In the post-Marcos period, the Aquino regime met the international credit crunch with unbridled local public borrowing and subsequently the Ramos regime combined rapid local public borrowing with the restricted inflow of foreign speculative funds, which resulted in a greater outflow of foreign exchange. Trade deficits and foreign debt increased at a faster rate than during the Marcos regime. Income from the export of low-value added semimanufactures, raw materials and cheap labor increasingly fell below profit remittances, debt service and the high-consumption spending of the exploiting classes on palaces, residential towers and car imports.
Now the country is in the throes of an unprecedented economic and social crisis. Within the frame of the capitalist system, which is in the worst crisis since the Great Depression, the domestic economy has gone into a collapse and a prolonged state of depression because the countrys types of exports are squeezed by the global crisis of overproduction and because foreign speculative capital has taken flight at the clear sight of the dwindling export income.
The newly installed US-Estrada regime does not offer any solution to the economic and social crisis but only aggravates it. The regime is hellbent on outstripping the Ramos regime in pursuing liberalization, deregulation and privatization, in opposing national industrialization and land 5 reform, in turning the entire country into a US military base through the Visiting Forces Agreement and suppressing the revolutionary forces and the democratic mass movement.

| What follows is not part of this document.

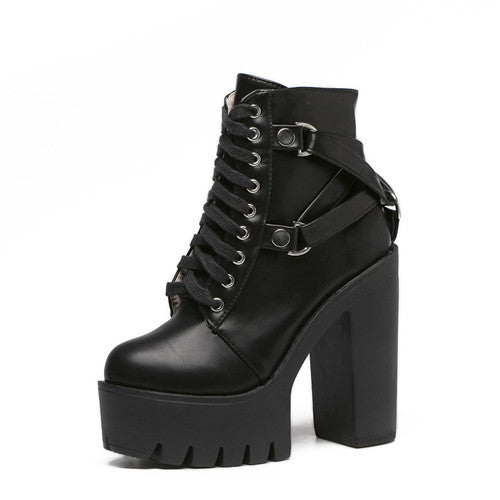 Bottines pour femmes à talon haut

The US-Estrada regime includes at the core the Marcos family, the biggest of the Marcos cronies (such as Eduardo Cojuango and Lucio Tan) and the most notorious violators of human rights since the time of the Marcos regime. The political crisis of the ruling system is certain to worsen as the return to power of the most greedy and most violent descendants of Marcos regime coincides with the unprecedented economic and social crisis.
All the way, the broad masses of the people have been subjected to ever-rising levels of mass unemployment and ever falling wage and income levels, ever rising prices of basic commodities, ever mounting tax burden and prohibitive prices of basic services. The people and the youth are undergoing terrible suffering. They have no way out but to fight the escalating oppression and exploitation and for their own national and social liberation.
The Filipino youth must be aroused, organized and mobilized in their interest and in the service of the entire Filipino people. They must unite and build a solid, comprehensive youth organization, like Anakbayan, uphold the revolutionary leadership of the working class and must join up with the broad masses of the people to fight for national and democratic rights and interests.
The Filipino youth must fight the ruling system that generates mass unemployment, makes the cost of education unaffordable for the vast majority of the youth, suppresses their democratic rights and deprives them of the most basic services and consigns them to a life of grinding exploitation and poverty.
Anakbayan must fight for immediate basic reforms but must aim strategically for the full attainment of national liberation and democracy. The program of Anakbayan must include long- term general demands as well as immediate specific demands.